This motion to stay arbitration of a claim made under a "no-fault” automobile insurance policy raises the principal issue of whether threshold questions relating to conditions precedent to recovery are to be decided by the court or the arbitrators.
Respondent Ramon Cardona is the insured person on a policy of automobile insurance issued by the petitioner. Respondents claim that on May 9, 1974 the insured vehicle was being operated by respondent Flores Cardona when it was struck by another car causing Mr. Cardona to be injured. It is further claimed that respondent Ebin is a physician who provided medical services and to whom respondent Flores Cardona has assigned his right to obtain payment for these services. Respondent Ebin contends notice of claim and invoice for services were forwarded to the petitioner on June 11, 1974 and that payment has not been made. A demand for arbitration was served on October 14, 1974 and petitioner then brought the instant application for a stay.
Petitioner contends that it had no notice of the accident prior to the service of a demand for arbitration, that "no-fault” benefits may not be assigned under its insurance policy, that the insured never gave notice of the accident, and that the law was never intended to permit a medical service provider to obtain direct payment where the insured person did not previously give notice of the accident.

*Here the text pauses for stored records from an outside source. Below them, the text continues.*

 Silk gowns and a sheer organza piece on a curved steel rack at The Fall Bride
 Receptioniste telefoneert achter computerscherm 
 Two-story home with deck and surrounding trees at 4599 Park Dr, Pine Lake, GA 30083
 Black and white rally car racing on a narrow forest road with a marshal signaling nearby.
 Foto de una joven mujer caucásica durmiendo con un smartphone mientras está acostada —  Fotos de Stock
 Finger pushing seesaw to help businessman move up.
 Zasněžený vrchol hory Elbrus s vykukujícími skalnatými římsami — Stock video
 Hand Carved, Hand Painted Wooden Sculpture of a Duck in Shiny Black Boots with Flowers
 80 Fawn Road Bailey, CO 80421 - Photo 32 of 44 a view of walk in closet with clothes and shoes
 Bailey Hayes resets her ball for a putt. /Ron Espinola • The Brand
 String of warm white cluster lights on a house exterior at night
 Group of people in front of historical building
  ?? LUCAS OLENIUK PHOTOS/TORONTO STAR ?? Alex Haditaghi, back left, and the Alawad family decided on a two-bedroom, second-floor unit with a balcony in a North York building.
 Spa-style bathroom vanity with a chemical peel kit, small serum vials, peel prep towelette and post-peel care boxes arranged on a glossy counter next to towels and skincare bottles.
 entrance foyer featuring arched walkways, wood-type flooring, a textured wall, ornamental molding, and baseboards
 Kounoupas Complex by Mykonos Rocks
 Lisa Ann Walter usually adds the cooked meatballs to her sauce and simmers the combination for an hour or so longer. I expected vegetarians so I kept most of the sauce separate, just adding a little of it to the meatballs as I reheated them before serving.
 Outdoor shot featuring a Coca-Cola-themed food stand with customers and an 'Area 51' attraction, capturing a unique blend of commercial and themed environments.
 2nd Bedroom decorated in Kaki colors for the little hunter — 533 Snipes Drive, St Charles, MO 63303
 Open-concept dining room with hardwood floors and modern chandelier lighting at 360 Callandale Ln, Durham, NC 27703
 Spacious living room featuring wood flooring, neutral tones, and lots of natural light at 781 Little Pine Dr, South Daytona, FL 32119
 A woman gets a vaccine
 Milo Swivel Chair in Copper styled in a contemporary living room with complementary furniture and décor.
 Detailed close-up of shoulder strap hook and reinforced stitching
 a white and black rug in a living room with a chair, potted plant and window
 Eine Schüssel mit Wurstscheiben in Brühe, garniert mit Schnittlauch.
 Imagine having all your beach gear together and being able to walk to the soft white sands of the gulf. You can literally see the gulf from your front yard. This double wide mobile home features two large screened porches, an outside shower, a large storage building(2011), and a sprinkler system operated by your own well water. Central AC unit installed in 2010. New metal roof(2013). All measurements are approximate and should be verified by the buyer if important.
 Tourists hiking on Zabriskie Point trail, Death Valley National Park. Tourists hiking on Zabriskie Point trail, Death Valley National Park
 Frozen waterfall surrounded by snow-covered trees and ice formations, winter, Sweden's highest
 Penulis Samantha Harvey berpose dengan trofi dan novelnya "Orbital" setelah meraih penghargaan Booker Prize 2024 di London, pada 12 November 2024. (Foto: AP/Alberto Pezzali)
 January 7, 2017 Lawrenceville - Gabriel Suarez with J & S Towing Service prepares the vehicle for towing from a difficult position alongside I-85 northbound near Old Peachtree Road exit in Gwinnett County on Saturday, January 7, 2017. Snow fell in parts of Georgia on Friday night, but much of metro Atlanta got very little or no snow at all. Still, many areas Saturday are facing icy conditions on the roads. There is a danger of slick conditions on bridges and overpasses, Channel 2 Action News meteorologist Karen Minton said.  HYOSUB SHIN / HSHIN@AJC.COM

Subdivision 2 of section 675 of the Insurance Law provides that: "Every insurer shall provide a claimant with the option of submitting any dispute involving the insurer’s liability to pay first party benefits, the amount thereof or any other matter which may arise under subdivision one of this section to binding arbitration pursuant to simplified procedures to be promulgated or approved by the superintendent.”
Pursuant to section 21 and subdivision 4 of section 672 of the Insurance Law, the Superintendent of Insurance is charged with the duty of approving insurance policy forms for *170"no-fault” coverage and establishing minimum benefit standards and regulations. The policy form approved by the superintendent contains the following arbitration clause: "Arbitration. In the event any person making a claim for first party benefits and the Company do not agree regarding any matter relating to the claim, such person shall have the option of submitting such disagreement to binding arbitration pursuant to procedures promulgated or approved by the Superintendent of Insurance.” (11 NYCRR 65.2.)
This is a broad arbitration agreement and under it any threshold questions are properly for the arbitrators and not the court. It would appear that the clause was drawn broadly so as to avoid a repetition of the problem caused by the narrow arbitration clause used in the New York uninsured motorist indorsement. Under that language, threshold questions were held to be reserved to the courts. As a consequence, there were literally thousands of cases in which the courts were compelled to determine conditions precedent questions on motions to compel or stay arbitration. Many of these required extensive hearings or jury trials. None of these hearings or jury trials finally determined the controversy between the parties but merely the question of whether the claimant was entitled to a subsequent hearing before an arbitration panel at which much of the same evidence would have to be reintroduced.
The "no-fault” arbitration clause language obviates the burdens placed on the courts, the parties and the Bar by the narrow clause in the uninsured motorist indorsement. It covers "any matter relating to the claim” raised by "any person making a claim”. Thus, questions as to the timeliness of notice, sufficiency of notice, the right of a medical service provider to make a direct claim, the right of assignment and all of the other objections raised by petitioner are to be decided by arbitration if the claimant so elects. Accordingly, the instant application is denied. The petition is dismissed and the parties are directed to proceed to arbitration.